(Data section begins)

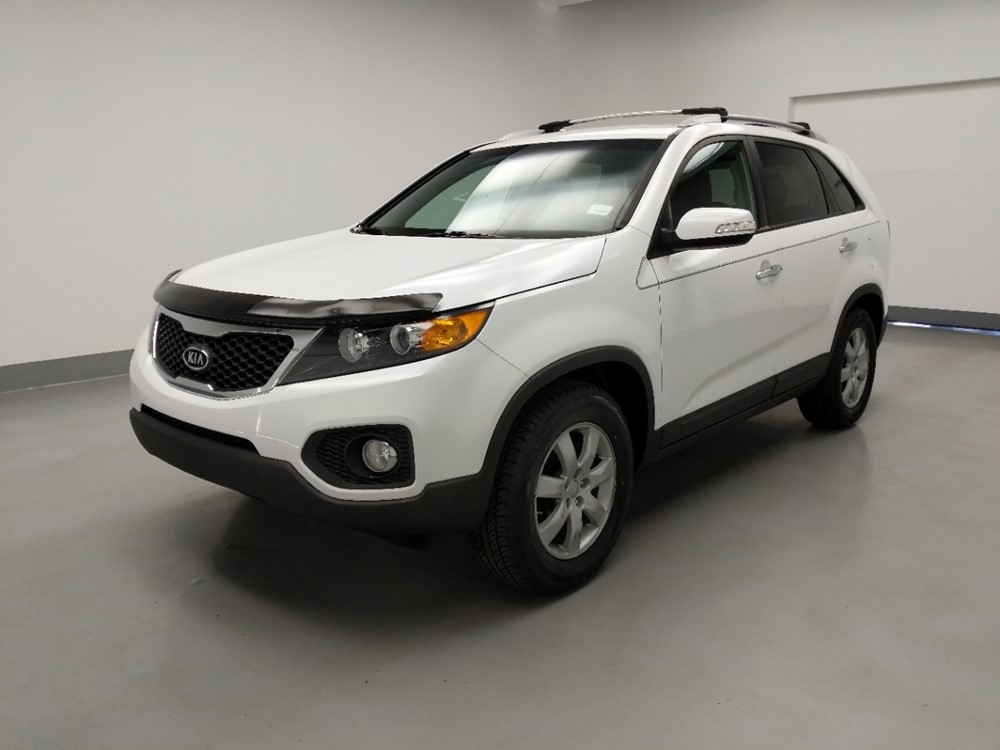 Used 2013 Kia Sorento Driver Front Bumper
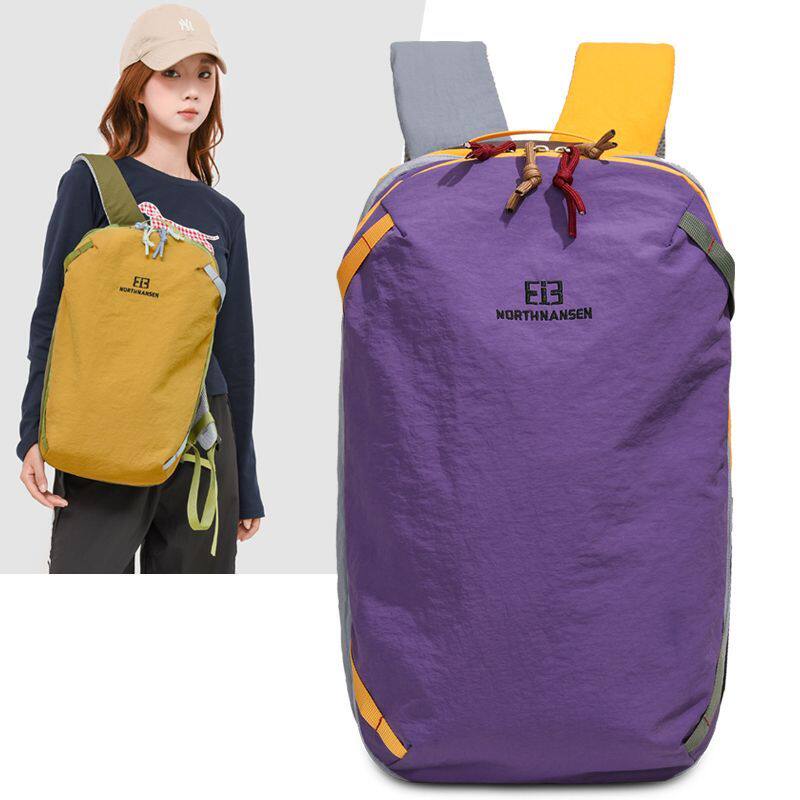 大容量通勤户外旅行大学生双肩包新款书包轻便休闲登山包百搭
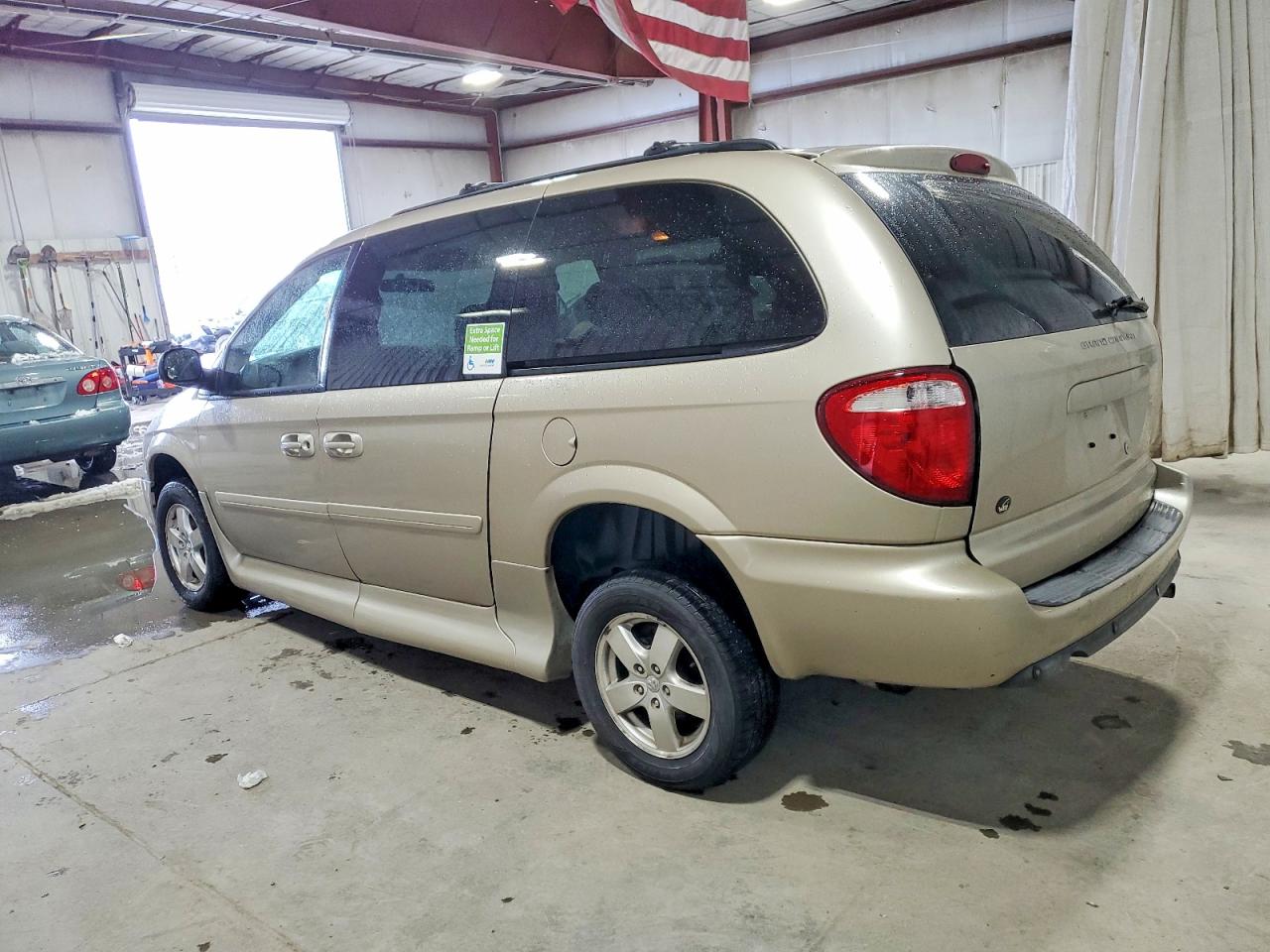 2007 DODGE GRAND CARAVAN SXT photo 2
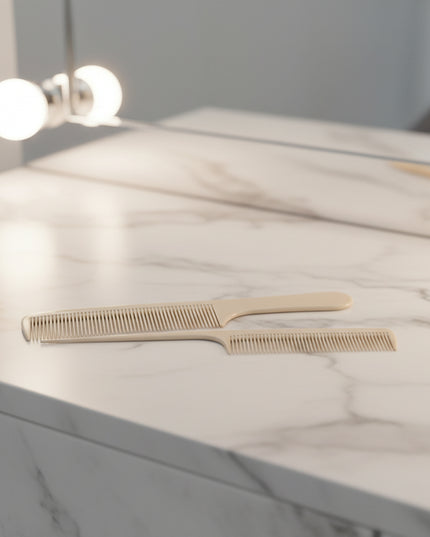 Clasp Color Comb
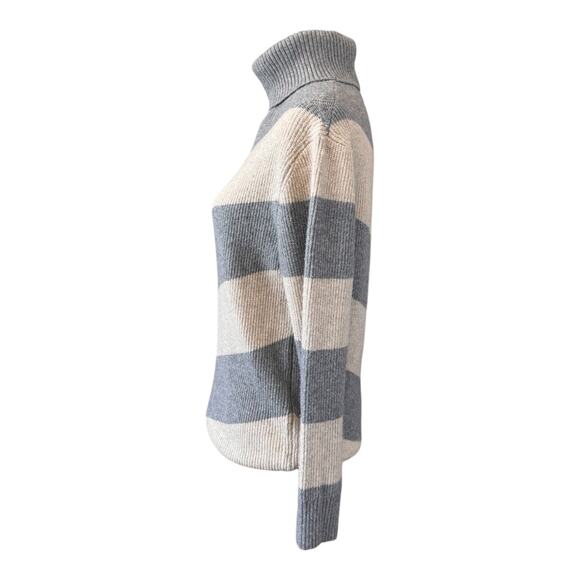 NEW T TAHARI Blue Cream Chevron Turtleneck Pullover Sweater Size 12 - Picture 5 of 7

(Data section ends)

What the task requires:
Skipping the pictures, output the entries exactly as they appear above.

Solution for this task:
 Used 2013 Kia Sorento Driver Front Bumper
 大容量通勤户外旅行大学生双肩包新款书包轻便休闲登山包百搭
 2007 DODGE GRAND CARAVAN SXT photo 2
 Clasp Color Comb
 NEW T TAHARI Blue Cream Chevron Turtleneck Pullover Sweater Size 12 - Picture 5 of 7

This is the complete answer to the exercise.